A Mouse · 2 years ago

I guess, my primary concern was if I didn’t have the computer with ZFS(in my case btrfs but similar thing). Maybe it is for the best that I keep the raid setup to scrub and make sure important data is safe, and use the smaller single disk mini PC for services and data that isn’t as important.

@dragontamer@lemmy.world · edit-2 2 years ago

If you have a NAS, then just put iSCSI disks on the NAS, and network-share those iSCSI fake-disks to your mini-PCs.

iSCSI is “pretend to be a hard-drive over the network”. iSCSI can exist “after” ZFS or BTRFS, meaning your scrubs / scans will fix any issues. So your mini-PC can have a small C: drive, but then be configured so that iSCSI is mostly over the D: iSCSI / Network drive.

iSCSI is very low-level. Windows literally thinks its dealing with a (slow) hard drive over the network. As such, it works even in complex situations like Steam installations, albeit at slower network-speeds (it gotta talk to the NAS before the data comes in) rather than faster direct connection to hard drive (or SSD) speeds.

Bitrot is a solved problem. It is solved by using bitrot-resilient filesystems with regular scans / scrubs. You build everything on top of solved problems, so that you never have to worry about the problem ever again.
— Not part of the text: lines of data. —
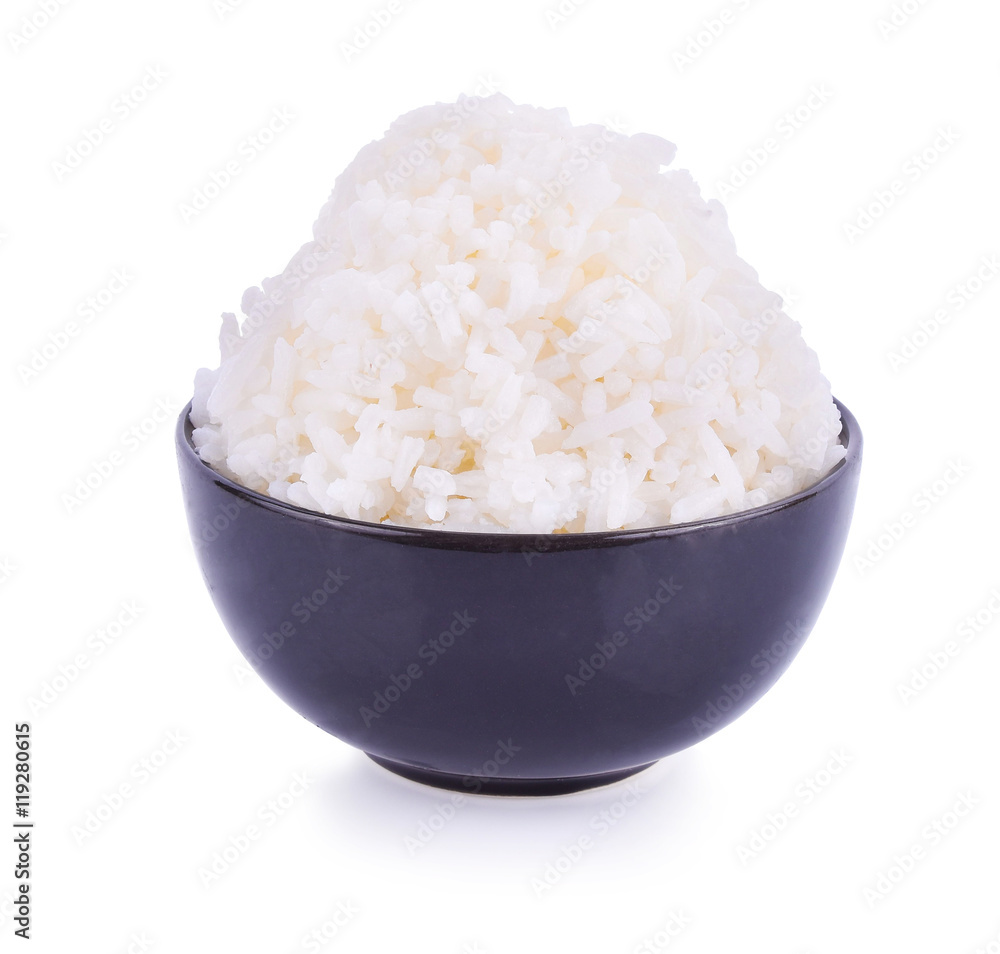 Rice in Bowl black Rice in Bowl black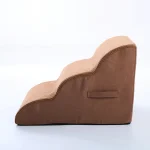 Cat Dog Ladder Pet Dog Ramp 3 Steps Stairs Puppy Stairs Pet Supplies Climbing Ramp Steps for Older Dogs and Pets With Joint Pain 4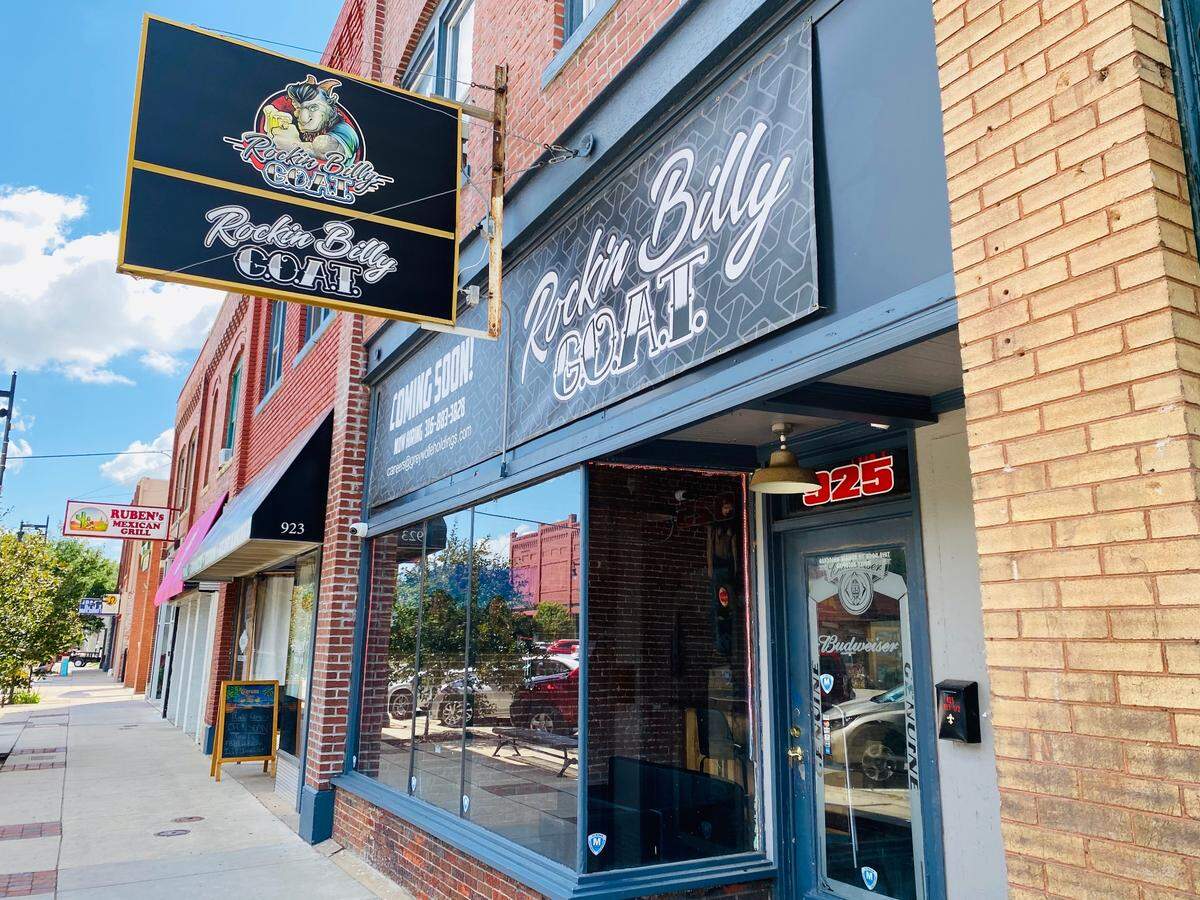 Rockin Billy Goat was a rockabilly bar that opened last August but was closed by April.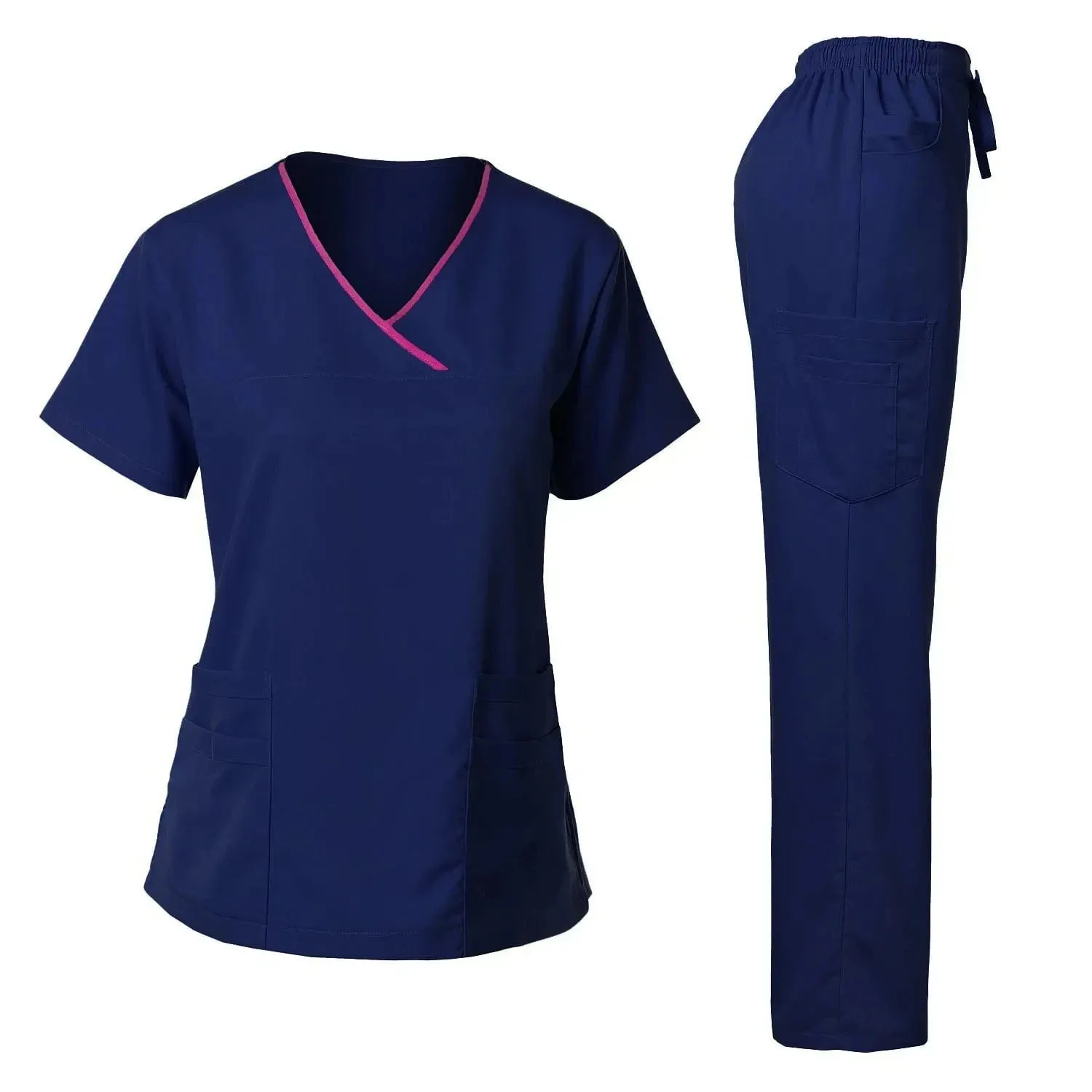 Medics Anti Wrinkle Scrubs Washable Soft Fabric Jogger Sets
@vividspecter@lemm.ee · 2 years ago

As such, it works even in complex situations like Steam installations

Steam also works with NFS just fine (at least for the libraries, maybe not a full Steam installation), although Samba can be problematic in my experience. But your overall point is reasonable.

A Mouse · 2 years ago

Thanks for that information about iSCSI, I hadn’t looked into it. I will probably just stick with my primary server for the moment, maybe rebuild it into a NAS, and than use mini PCs with it as the storage.

@markstos@lemmy.world · 2 years ago

You don’t define bitrot. If you leave software alone with no updates for long enough, yes, there will be problems.

There will eventually be a security issue with no fix, or a new OS or hardware it doesn’t work on.

Backups can also fail over time if restores are not tested periodically.

This recently happened to me. A server wouldn’t boot anymore, so we restored from backup, but it still wouldn’t boot. The issue was that we’d introduced change that caused a boot failure. To fix that by restoring from a backup, we’d need a backup from before that change. It turns out we had one, but didn’t realize what the issue was.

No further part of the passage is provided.